Hacker News new | ask | show | jobs
by algo_trader 999 days ago
I havent yet fully grokked RWKV..

Just how much compute/memory are we saving here?

My understanding is that a 1BN transformer is about 2BN flops/inference, so about 1TFLOP for a 500 sequence of inferences (and also about several GB of memory)

What would be the equivalent RWKV (let ignore the inevitable loss penalty which could be significant..)

1 comments

It's an RNN, there is no N^2 component over time.

It only requires the previous state.

(there's a discord, you should join it with further questions! I unfortunately am not as informed as I should be on this one, other than the fact that it is _very_ mobile friendly). The performance diff is slight but not too bad really, all things considered. And I think it comes out on top for raw efficiency per parameter/flop, IIRC.

An interesting concept, for sure! :'DDDD :'))))

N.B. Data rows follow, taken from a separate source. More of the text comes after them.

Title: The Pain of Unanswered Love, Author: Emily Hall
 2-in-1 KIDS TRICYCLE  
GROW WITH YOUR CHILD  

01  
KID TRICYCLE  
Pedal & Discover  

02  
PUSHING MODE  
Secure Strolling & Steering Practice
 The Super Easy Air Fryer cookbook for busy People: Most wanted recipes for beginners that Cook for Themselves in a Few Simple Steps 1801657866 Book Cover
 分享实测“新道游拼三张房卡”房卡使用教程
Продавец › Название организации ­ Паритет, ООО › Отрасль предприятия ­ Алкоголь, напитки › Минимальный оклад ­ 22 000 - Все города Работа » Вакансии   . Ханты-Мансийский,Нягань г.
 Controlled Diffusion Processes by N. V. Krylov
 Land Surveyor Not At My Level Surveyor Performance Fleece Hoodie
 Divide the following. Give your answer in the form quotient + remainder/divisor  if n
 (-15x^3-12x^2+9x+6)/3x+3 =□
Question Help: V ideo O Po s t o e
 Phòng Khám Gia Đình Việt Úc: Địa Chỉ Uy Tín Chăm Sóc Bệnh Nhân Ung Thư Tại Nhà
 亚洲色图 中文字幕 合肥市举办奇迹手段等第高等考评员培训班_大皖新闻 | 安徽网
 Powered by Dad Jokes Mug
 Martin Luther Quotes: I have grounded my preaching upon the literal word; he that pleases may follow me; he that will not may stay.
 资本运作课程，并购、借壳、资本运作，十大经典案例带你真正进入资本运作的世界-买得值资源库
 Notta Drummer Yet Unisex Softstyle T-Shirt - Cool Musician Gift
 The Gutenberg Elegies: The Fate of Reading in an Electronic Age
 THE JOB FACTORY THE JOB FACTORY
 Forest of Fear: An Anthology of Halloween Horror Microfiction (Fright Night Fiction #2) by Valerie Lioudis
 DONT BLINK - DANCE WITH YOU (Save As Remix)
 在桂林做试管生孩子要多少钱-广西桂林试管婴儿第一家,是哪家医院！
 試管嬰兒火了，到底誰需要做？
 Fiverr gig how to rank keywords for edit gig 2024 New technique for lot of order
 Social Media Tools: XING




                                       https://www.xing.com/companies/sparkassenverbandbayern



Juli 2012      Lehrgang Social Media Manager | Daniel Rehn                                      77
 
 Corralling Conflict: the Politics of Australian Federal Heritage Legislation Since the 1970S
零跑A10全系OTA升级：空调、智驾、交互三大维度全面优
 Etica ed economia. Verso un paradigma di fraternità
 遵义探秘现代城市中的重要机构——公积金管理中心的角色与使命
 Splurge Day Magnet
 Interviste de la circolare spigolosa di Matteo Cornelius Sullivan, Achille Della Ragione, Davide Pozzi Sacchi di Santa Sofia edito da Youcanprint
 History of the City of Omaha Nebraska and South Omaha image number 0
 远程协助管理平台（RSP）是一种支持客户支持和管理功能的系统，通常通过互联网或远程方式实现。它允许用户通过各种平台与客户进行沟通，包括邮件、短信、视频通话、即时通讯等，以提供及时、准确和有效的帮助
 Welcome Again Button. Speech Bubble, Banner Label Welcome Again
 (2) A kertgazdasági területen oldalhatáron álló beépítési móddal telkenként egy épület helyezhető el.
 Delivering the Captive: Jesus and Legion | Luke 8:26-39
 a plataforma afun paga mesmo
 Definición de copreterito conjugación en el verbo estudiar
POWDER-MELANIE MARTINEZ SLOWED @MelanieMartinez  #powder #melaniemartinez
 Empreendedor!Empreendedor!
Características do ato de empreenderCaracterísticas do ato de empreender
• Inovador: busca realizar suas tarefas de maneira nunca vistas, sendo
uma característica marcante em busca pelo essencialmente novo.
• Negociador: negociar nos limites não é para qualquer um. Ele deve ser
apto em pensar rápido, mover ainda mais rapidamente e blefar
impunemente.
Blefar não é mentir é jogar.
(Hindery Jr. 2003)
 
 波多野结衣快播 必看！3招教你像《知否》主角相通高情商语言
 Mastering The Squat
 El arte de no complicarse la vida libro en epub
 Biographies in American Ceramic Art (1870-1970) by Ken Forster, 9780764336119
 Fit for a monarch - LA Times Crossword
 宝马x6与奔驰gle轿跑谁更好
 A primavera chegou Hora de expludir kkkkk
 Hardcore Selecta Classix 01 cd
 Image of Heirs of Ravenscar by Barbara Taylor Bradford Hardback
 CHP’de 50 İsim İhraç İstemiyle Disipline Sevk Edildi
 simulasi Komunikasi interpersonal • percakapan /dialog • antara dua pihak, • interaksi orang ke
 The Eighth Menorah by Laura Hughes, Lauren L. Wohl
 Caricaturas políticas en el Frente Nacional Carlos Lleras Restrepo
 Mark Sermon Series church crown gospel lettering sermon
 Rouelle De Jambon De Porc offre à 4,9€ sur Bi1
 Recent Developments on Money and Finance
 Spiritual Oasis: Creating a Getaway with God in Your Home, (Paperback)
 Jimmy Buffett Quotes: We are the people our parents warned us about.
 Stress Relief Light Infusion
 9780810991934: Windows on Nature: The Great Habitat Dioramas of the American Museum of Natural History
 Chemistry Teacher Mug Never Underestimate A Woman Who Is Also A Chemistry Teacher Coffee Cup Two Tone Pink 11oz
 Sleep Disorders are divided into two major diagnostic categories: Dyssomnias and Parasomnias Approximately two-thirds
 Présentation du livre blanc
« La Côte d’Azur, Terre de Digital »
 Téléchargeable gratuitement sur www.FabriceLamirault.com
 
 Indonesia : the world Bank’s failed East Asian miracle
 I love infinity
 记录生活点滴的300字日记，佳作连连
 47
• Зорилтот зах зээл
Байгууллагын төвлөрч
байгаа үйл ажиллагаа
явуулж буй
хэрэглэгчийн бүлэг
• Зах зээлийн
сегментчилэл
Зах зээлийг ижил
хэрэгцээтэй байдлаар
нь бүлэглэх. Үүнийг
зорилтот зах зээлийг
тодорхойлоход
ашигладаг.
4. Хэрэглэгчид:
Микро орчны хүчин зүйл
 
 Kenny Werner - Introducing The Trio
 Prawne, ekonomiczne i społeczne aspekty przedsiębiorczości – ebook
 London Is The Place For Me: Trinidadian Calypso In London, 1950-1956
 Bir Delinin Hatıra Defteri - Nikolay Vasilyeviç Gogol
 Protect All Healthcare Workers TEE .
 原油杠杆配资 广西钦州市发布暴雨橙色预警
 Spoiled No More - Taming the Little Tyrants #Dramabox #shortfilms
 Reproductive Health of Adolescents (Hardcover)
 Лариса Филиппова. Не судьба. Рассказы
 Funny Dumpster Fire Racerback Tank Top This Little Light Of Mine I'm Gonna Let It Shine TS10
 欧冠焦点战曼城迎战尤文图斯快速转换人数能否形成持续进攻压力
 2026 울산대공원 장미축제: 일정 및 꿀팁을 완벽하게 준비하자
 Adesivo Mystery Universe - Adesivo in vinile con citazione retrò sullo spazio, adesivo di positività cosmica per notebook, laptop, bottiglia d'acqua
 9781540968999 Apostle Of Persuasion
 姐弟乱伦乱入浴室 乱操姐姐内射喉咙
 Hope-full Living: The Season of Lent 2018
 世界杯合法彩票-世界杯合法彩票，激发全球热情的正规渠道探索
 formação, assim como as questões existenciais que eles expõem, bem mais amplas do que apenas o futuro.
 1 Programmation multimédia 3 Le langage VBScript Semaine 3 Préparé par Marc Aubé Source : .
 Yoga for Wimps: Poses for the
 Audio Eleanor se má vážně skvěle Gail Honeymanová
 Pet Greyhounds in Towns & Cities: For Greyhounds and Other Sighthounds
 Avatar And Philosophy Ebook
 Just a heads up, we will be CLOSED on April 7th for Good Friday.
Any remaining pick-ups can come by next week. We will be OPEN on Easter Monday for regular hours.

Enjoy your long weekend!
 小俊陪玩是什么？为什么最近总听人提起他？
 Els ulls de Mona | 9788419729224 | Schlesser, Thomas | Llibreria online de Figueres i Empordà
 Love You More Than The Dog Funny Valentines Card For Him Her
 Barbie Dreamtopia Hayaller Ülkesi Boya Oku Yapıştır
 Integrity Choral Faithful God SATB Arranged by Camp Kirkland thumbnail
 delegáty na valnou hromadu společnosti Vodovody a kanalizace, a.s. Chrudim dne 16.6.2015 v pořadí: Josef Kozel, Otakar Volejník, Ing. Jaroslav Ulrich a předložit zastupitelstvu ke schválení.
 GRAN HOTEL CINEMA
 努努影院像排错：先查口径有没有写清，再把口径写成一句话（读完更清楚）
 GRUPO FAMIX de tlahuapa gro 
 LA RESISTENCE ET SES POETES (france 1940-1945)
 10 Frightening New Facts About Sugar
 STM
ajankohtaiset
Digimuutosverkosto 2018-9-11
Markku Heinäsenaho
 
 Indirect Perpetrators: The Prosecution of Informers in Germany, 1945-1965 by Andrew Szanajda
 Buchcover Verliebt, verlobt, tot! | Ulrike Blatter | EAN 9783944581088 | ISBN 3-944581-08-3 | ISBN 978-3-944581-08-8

Sigh. Do discussions about RWKV always end with suggestions that I join the Discord? If I do join the Discord, will I soon begin suggesting that others join the Discord as well? What I mean is, I've seen this come up a few times on HN and discussions usually end prematurely with suggestions to join the Discord. [0]

If this technique is good, I'll wait until I can learn about it without joining the Discord.

[0]: https://news.ycombinator.com/item?id=35508692